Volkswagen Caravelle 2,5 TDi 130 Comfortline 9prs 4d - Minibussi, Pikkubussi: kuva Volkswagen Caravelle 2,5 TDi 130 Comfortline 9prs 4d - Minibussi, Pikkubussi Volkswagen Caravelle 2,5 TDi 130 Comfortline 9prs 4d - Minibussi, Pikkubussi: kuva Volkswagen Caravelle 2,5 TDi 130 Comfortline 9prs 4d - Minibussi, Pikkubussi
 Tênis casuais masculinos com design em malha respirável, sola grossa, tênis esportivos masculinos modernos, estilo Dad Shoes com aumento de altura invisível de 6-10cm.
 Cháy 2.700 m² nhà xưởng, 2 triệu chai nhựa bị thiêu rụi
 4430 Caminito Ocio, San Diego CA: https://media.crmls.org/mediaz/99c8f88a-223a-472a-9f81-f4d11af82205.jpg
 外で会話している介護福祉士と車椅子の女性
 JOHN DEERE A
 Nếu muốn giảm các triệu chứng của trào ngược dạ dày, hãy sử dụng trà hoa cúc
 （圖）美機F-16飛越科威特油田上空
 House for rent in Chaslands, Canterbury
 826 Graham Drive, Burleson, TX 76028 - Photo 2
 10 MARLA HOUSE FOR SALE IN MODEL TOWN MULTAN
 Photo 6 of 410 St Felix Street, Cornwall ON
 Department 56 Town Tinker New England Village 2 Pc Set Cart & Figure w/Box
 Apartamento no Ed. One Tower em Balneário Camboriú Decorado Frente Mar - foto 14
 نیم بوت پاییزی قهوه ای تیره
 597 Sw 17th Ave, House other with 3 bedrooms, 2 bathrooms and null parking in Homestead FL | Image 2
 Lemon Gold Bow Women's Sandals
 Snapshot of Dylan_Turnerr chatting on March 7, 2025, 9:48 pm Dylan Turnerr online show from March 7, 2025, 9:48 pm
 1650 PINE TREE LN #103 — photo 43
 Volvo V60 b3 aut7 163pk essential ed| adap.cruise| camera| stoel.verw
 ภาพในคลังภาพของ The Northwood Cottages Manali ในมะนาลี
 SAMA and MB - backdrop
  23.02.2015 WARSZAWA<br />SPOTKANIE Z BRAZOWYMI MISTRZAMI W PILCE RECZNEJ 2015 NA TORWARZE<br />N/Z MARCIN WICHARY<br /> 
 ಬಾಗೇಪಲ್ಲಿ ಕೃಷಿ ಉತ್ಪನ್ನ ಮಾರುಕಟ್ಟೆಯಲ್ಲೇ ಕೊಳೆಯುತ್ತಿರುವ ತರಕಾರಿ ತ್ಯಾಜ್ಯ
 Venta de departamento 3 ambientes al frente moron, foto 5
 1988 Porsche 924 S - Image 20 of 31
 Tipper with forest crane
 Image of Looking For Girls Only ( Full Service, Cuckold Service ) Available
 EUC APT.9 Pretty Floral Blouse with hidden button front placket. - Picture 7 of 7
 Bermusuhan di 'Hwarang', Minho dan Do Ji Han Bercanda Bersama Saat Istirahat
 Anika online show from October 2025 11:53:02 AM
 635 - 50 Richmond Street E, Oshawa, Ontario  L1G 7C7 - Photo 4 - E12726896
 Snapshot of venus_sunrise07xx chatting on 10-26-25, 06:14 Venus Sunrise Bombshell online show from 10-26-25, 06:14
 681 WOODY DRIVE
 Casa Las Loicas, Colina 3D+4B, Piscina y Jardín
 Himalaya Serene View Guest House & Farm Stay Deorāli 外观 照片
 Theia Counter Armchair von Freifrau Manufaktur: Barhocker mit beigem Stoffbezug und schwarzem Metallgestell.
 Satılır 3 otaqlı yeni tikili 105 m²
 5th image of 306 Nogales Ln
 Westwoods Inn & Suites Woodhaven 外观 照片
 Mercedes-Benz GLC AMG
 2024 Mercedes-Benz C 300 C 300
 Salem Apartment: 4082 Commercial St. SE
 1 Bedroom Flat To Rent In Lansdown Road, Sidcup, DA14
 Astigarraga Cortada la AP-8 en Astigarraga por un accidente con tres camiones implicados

DIRECTIONS: The word to find is "Mercedes". Copy every line of the records that holds it.

YOUR SOLUTION:
 Mercedes-Benz GLC AMG
 2024 Mercedes-Benz C 300 C 300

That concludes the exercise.